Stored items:
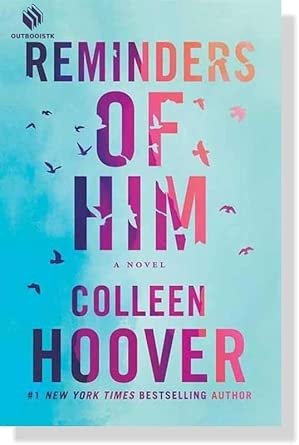 Reminders of him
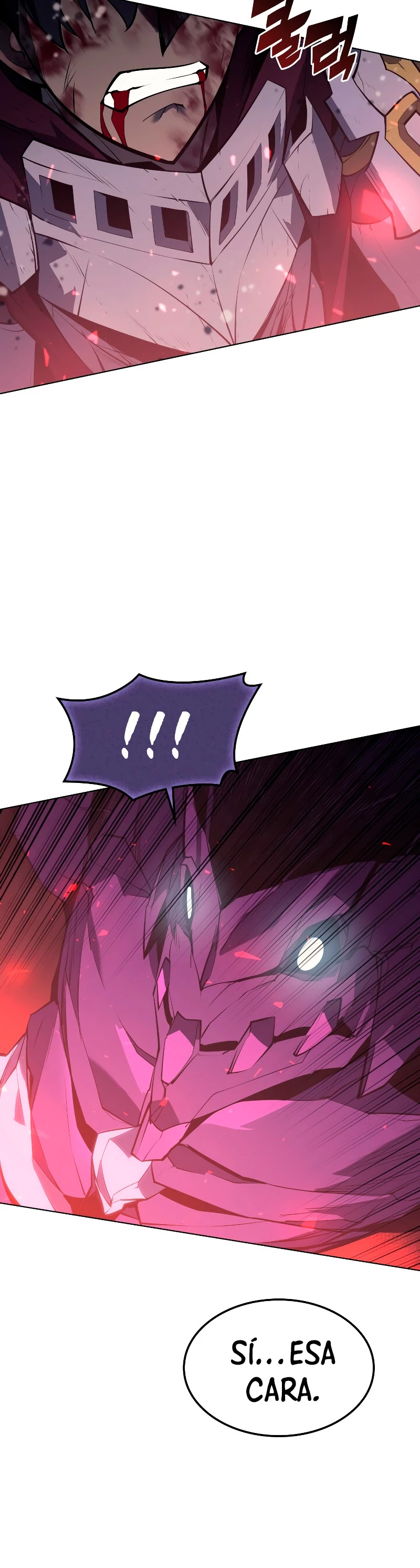 El Chetado (Overgeared) > Capitulo 77 > Page 551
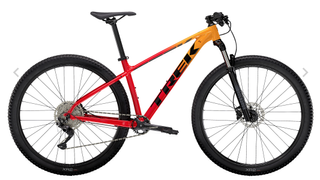 Trek Marlin 7 mountain bike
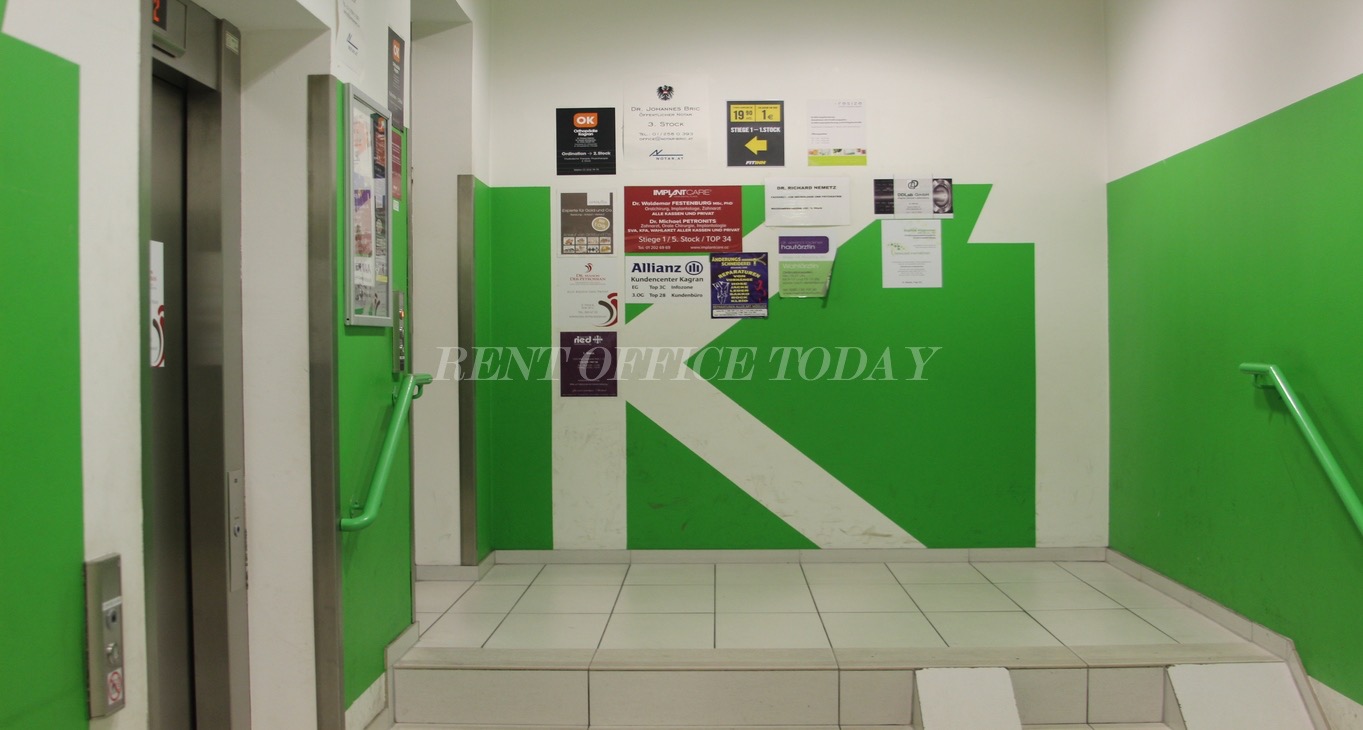 Rent office K1 — photo 1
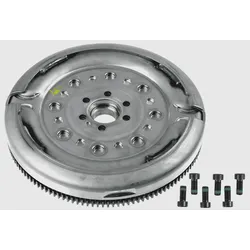 SACHS 2294 001 345 Schwungrad Zwei-Massen-Schwungrad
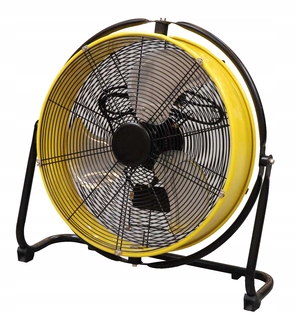 Ventilátor - Priemyselná Ventilátor majster DF20P IP44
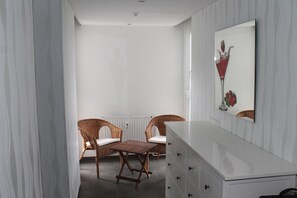 Apartment (Ferienwohnung E328/9) | Außenbereich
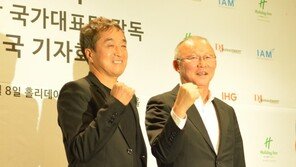 재계약 박항서 감독 “한국-베트남, 양국 가교 역할 이어갈것”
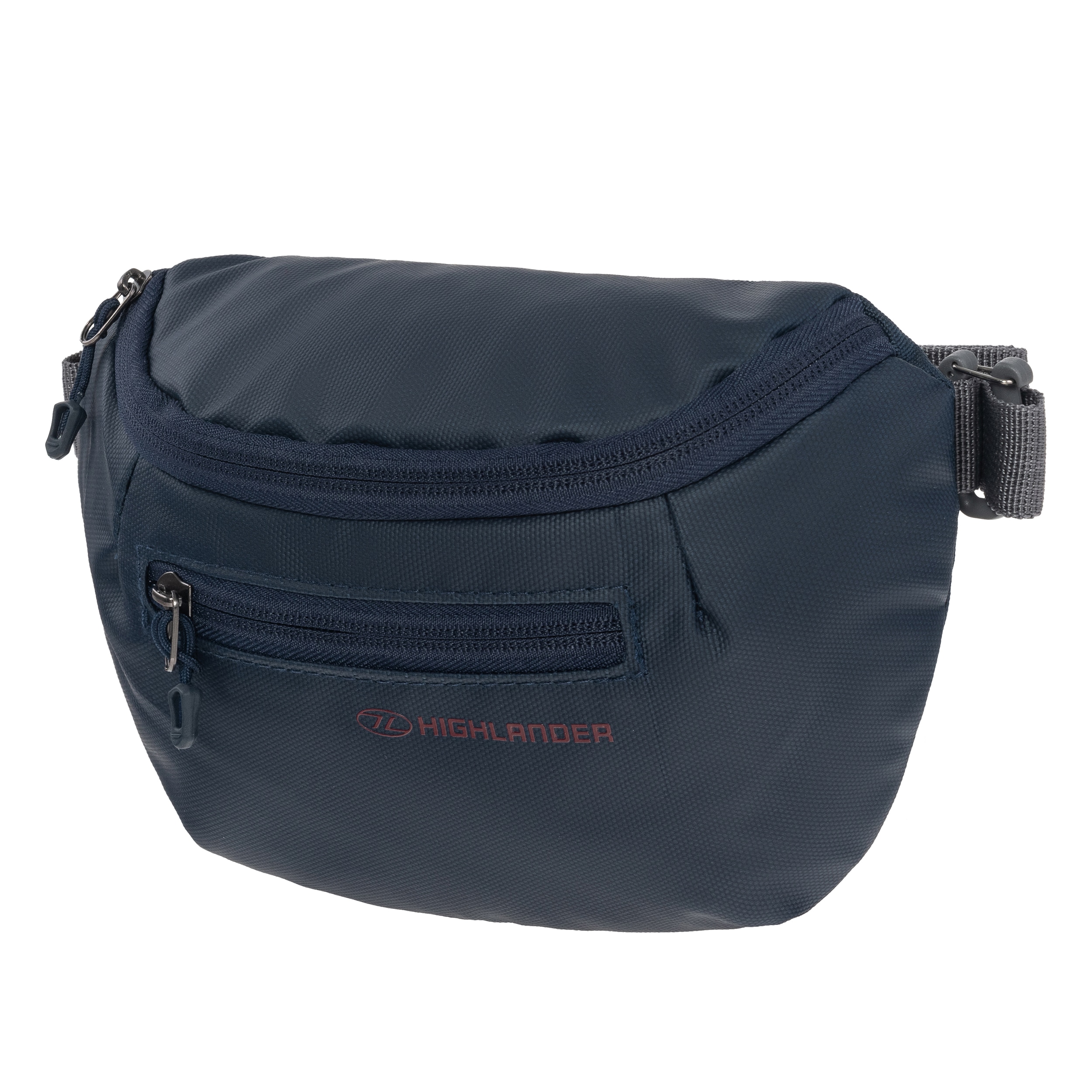 Nerka Highlander Outdoor Targa Bum Bag 2 l - Navy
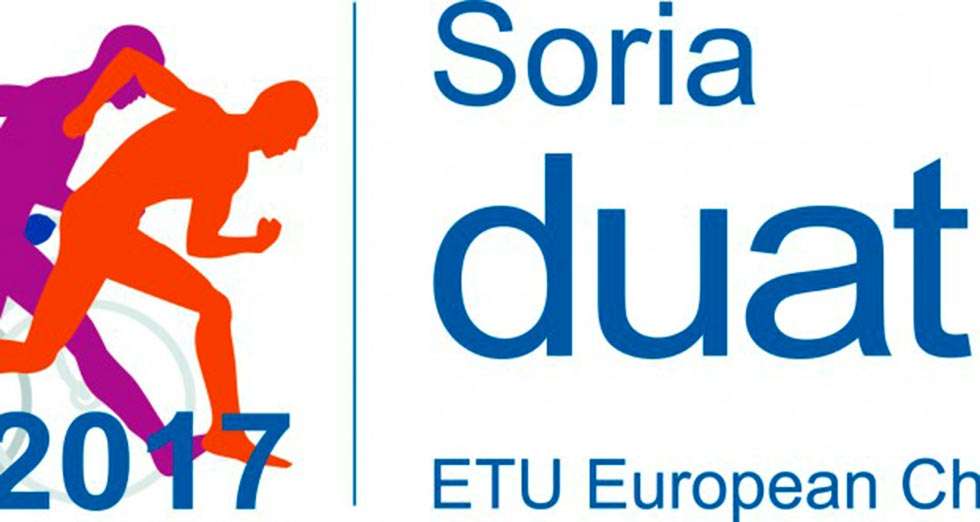 Últimos días para inscribirte en el Europeo de Duatlón de Soria Últimos días para inscribirte en el Europeo de Duatlón de Soria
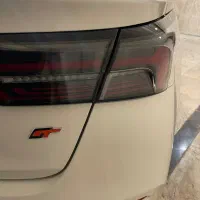 آریزو ۶ جی تی سفید ۱۴۰۴|خودرو سواری و وانت|مشهد, شهید فرامرز عباسی|دیوار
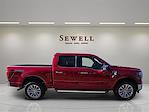 2025 Ford F-150 SuperCrew Cab 4WD Pickup for sale #1518079 - photo 5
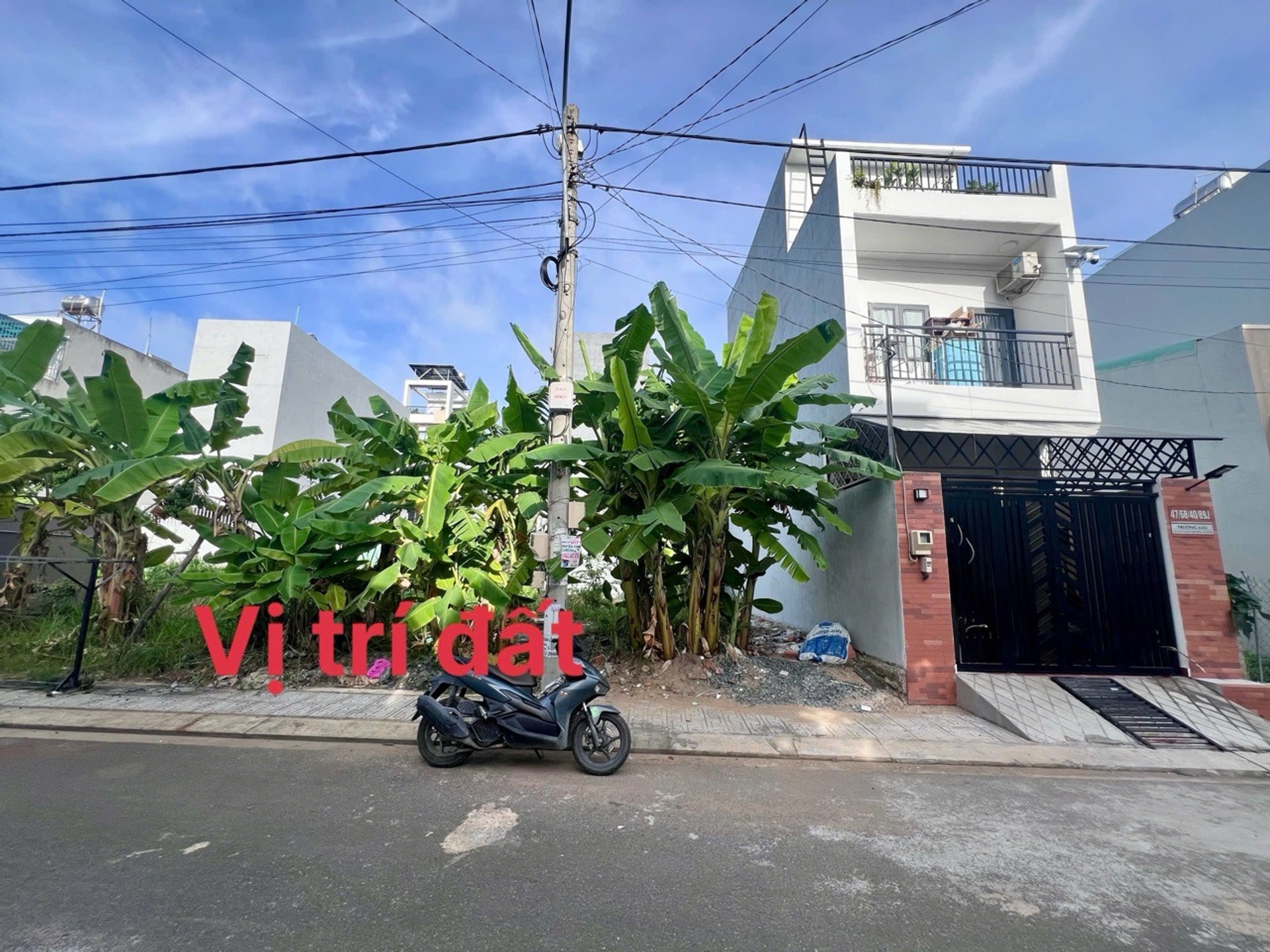Bán đất 50m2 tại Trường Lưu, sổ hồng riêng, giá 3,08 tỷ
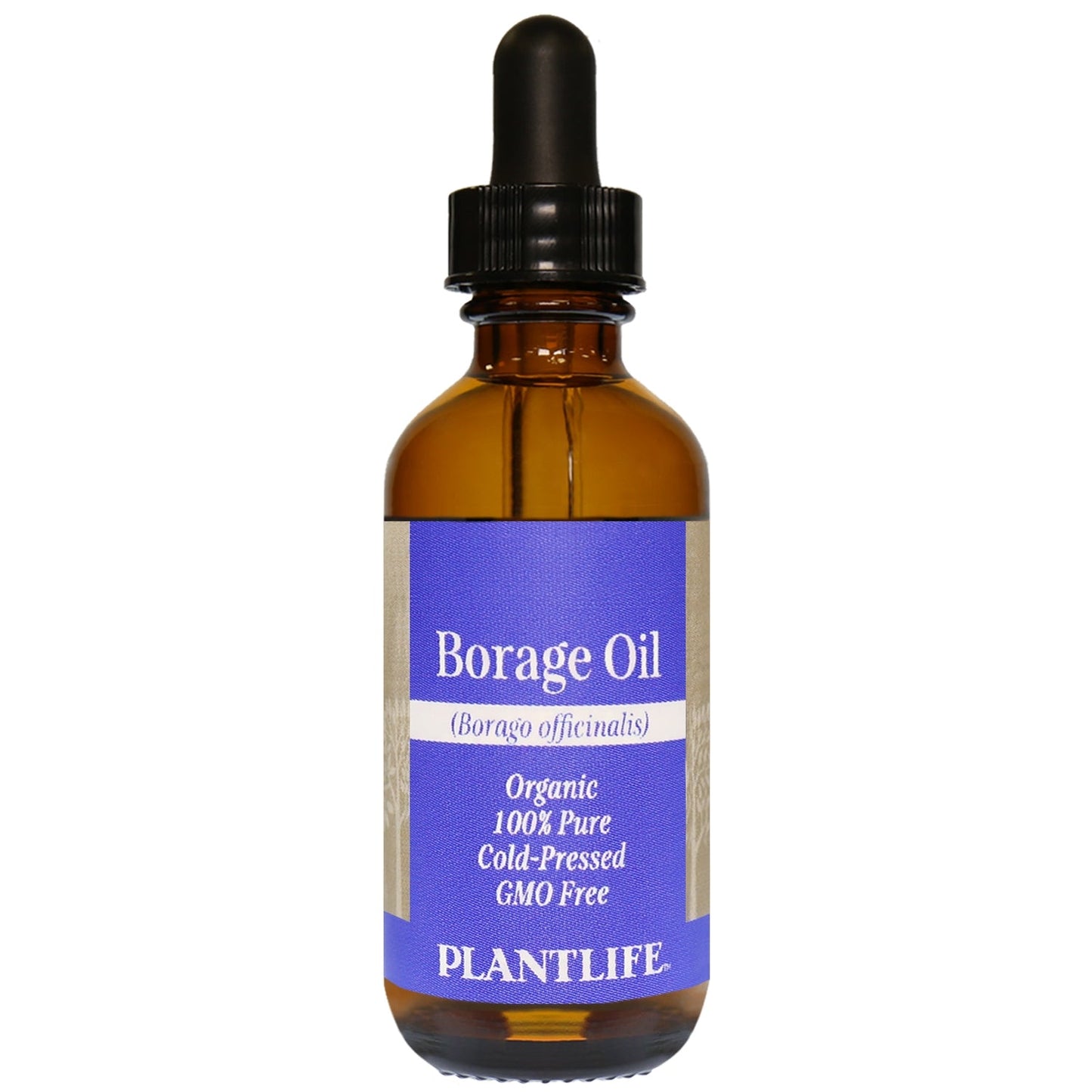 Borage Seed Oil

— HOW TO COMPLETE THIS TASK —
In the copy, omit the pictures and give every line of the data exactly.

— EXPECTED ANSWER —
 Reminders of him
 El Chetado (Overgeared) > Capitulo 77 > Page 551
 Trek Marlin 7 mountain bike
 Rent office K1 — photo 1
 SACHS 2294 001 345 Schwungrad Zwei-Massen-Schwungrad
 Ventilátor - Priemyselná Ventilátor majster DF20P IP44
 Apartment (Ferienwohnung E328/9) | Außenbereich
 재계약 박항서 감독 “한국-베트남, 양국 가교 역할 이어갈것”
 Nerka Highlander Outdoor Targa Bum Bag 2 l - Navy
 Últimos días para inscribirte en el Europeo de Duatlón de Soria Últimos días para inscribirte en el Europeo de Duatlón de Soria
 آریزو ۶ جی تی سفید ۱۴۰۴|خودرو سواری و وانت|مشهد, شهید فرامرز عباسی|دیوار
 2025 Ford F-150 SuperCrew Cab 4WD Pickup for sale #1518079 - photo 5
Bán đất 50m2 tại Trường Lưu, sổ hồng riêng, giá 3,08 tỷ
 Borage Seed Oil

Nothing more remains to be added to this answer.